Content is the new outbound

stop chasing, start attracting

In today’s issue (#60) we’re looking at a new GTM model that takes on a few different titles, I like to call it EGC (employee generated content).

Think user-generated content, but instead of leaning on users to create buzz for your product/company, you empower your employees to do so.

Note: If you’re in sales, developing strong marketing skills is now a requirement. Lean into this.

read time: 4 minutes

We all know it but we haven’t said out loud yet.

Content creation is the new (and best) outbound strategy.

Here’s why:

From the buyer’s perspective; cold outreach is played out. Inboxes are waterlogged and they’re getting calls on their personal cell from complete strangers. Linkedin is where prospects go to get away from work noise, just to get bombarded by eager sales reps in their DMs.

From your perspective; cold outreach is becoming a poor business decision. The math is getting worse by the day. In 2007 it only took three calls to connect with a prospect. Today it takes almost 12. Over the last 4 years, organic email open rates have decreased dramatically.

Now, you’re not completely wasting your time on cold outbound, but you need to be incredibly efficient for the math to make sense.

For a quick refresher on how to make the most of your cold outreach, revisit issue #55 where I analyze in real-time which of my teams emails are working best right now.

Most people (including myself) would say B2B marketing is broken right now - in fact I said just a few days ago.

But calling it broken isn’t even fair.

We just don’t know what’s happening right now. Buyer behavior and intent is more unpredictable than it’s ever been.

Yes, there are keyword strategies you can deploy but we don’t have eyes everywhere. And where do we have visibility, it’s challenging to determine accurate levels of intent.

Here’s a real-life example:

Two weeks ago one of our SDRs received a demo request from an enterprise company with more than 20k employees - a dream come true for us.

The SDR who received the demo request is only a few weeks into the role, so I hopped on the discovery call to ensure she had support.

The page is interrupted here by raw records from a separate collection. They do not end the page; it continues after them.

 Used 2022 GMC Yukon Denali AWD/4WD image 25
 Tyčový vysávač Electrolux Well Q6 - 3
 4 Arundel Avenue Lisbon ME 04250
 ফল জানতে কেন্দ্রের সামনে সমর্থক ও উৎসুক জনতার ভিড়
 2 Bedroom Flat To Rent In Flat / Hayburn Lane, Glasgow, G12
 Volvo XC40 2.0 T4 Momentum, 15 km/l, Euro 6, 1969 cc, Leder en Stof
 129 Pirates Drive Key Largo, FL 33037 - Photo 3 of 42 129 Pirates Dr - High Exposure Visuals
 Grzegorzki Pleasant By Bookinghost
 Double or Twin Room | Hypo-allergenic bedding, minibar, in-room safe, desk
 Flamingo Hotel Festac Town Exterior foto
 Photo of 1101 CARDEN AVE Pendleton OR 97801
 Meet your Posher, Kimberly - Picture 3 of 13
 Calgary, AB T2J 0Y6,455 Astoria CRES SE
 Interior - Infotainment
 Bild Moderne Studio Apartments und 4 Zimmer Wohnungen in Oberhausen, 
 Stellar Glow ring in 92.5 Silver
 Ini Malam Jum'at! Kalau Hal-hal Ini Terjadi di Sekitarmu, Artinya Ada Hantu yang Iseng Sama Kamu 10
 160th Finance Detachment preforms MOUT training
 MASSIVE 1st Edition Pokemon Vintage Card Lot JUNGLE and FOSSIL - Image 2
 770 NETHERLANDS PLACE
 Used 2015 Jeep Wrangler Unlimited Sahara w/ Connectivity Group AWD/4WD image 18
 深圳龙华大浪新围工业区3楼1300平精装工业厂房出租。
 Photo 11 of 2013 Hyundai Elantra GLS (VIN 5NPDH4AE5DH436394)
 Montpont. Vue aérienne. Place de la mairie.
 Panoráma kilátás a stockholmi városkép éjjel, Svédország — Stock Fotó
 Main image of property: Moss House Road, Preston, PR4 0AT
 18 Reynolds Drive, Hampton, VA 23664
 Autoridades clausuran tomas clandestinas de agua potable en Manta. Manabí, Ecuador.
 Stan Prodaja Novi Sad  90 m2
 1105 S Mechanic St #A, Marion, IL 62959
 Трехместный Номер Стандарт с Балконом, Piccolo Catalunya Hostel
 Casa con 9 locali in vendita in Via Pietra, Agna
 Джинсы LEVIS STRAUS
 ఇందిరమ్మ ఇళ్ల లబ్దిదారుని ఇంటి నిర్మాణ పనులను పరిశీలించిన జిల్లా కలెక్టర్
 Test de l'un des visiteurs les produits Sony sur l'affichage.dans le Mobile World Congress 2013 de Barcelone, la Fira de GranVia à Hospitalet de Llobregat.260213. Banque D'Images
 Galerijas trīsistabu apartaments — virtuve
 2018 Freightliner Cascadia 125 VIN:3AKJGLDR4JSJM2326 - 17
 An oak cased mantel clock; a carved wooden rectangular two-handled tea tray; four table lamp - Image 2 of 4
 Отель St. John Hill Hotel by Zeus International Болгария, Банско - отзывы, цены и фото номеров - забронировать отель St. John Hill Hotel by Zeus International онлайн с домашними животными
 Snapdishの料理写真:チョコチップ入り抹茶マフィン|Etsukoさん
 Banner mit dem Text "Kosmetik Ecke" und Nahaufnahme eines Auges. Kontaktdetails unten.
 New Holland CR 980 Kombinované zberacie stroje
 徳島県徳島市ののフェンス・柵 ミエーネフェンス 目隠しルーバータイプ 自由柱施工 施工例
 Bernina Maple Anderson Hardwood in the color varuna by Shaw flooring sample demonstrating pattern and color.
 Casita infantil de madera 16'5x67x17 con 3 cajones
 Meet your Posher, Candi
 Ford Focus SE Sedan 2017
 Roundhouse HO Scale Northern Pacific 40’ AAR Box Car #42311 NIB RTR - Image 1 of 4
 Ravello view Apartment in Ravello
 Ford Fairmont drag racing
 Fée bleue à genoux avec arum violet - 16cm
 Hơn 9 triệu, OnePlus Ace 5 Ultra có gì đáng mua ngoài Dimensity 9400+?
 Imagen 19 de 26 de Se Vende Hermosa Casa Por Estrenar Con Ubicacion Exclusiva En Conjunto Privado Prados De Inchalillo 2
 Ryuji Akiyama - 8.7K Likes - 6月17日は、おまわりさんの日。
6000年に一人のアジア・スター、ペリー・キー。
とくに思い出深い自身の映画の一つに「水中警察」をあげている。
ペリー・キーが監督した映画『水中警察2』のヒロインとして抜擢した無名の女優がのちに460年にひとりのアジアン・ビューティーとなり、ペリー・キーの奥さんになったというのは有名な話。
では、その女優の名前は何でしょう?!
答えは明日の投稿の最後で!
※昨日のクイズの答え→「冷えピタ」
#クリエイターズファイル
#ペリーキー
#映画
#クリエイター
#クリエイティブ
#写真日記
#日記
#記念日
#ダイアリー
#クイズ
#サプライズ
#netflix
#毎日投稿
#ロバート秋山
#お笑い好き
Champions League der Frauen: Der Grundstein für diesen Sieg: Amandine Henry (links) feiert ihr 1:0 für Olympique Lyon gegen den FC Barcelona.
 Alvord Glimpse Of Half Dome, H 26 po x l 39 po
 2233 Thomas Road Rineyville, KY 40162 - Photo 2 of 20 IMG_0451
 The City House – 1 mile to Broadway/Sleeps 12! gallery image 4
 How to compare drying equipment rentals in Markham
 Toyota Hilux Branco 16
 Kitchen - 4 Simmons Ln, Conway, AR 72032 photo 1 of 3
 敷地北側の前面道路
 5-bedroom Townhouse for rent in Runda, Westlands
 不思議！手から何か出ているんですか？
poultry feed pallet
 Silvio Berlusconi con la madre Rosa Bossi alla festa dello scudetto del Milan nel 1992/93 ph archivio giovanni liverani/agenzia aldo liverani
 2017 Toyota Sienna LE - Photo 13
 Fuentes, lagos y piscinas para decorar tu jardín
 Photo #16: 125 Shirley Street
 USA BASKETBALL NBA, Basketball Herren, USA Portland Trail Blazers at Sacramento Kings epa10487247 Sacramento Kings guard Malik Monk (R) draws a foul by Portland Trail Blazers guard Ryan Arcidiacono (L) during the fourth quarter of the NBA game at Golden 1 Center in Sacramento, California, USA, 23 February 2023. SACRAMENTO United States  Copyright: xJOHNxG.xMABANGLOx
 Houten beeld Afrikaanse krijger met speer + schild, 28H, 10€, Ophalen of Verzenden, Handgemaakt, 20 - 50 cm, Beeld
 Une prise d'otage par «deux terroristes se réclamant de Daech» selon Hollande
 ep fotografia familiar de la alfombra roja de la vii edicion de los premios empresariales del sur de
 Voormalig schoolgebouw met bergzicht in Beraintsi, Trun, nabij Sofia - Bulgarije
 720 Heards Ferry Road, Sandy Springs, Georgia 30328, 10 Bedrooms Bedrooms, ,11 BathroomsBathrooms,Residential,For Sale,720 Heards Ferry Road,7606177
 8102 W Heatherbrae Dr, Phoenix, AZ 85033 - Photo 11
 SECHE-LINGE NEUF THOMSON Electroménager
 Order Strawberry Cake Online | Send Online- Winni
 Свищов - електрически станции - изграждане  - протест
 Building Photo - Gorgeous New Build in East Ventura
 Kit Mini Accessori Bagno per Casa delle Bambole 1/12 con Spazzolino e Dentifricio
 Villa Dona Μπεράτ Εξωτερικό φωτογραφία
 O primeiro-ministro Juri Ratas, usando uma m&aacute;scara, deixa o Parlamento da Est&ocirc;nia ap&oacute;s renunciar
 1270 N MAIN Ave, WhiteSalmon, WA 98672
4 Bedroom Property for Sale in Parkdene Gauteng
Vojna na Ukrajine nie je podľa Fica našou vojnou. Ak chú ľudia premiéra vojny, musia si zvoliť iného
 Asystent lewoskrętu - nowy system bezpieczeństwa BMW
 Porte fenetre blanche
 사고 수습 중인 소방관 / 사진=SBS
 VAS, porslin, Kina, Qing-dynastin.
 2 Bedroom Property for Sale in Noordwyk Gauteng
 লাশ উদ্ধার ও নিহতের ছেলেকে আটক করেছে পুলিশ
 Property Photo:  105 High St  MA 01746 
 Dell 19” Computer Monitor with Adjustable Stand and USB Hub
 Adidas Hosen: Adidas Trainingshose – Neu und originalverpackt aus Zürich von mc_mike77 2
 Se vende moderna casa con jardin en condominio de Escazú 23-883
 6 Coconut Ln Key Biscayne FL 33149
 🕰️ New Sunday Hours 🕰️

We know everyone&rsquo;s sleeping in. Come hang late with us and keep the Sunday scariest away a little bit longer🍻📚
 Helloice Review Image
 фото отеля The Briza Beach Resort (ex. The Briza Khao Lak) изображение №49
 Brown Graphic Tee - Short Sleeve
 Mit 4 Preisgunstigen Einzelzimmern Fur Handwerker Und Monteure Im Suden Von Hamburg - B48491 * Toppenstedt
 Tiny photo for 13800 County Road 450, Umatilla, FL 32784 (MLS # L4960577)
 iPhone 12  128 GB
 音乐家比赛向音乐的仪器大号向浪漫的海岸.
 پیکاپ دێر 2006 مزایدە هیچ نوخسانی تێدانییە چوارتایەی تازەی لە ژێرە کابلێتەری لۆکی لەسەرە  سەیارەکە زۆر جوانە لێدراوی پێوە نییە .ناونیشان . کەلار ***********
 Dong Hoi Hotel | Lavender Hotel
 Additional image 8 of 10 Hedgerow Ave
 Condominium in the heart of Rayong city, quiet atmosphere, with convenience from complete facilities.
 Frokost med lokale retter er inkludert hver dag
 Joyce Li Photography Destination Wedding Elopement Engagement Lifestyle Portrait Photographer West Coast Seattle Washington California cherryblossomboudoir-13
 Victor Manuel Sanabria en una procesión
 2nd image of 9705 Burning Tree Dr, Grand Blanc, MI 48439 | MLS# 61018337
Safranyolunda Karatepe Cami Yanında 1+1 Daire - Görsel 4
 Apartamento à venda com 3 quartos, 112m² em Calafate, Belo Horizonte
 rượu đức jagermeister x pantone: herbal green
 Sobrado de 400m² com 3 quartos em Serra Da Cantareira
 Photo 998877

Within two minutes it was obvious the prospect had no real intent of buying. In fact, she had no clue what an LXP was, no budgeted internal project that would support an eventual purchase, and no executive support.

Nothing real at all, shopping in the same way you might casually shop on Amazon from time to time.

Which is great, we had an educational conversation and added a ton of value to her personally and that’ll benefit us in the future one way or another.

The point is intent.

Demo requests used to mean “I’m ready to buy”

Today they can mean “seems fun, let me take a look”

And we’re sitting there like

Back to my main point: we don’t know what buyers are doing right now.

Now, let’s look at the cyclical nature of this problem:

→We don’t know what buyers are doing.

→That’s because buyers don’t know how to buy.

→And that’s because companies are more focused on internal metrics than buyer experience.

It all starts with how companies are creating content and marketing - that drives confusion to the buyer, which forces them to commit behaviors we perceive as high-intent when that’s not the case at all.

We’re stuck in a cycle and we need to get out.

The solution is simple, but it’s not easy.

The fix:

Any digital ad you run should have a high-intent CTA because, what’s the point in low-intent?

Abandon MQLs as a success metric; each company defines MQL differently which means we can bend and mold the definition as needed to hit target. It’s not an objective measure of success.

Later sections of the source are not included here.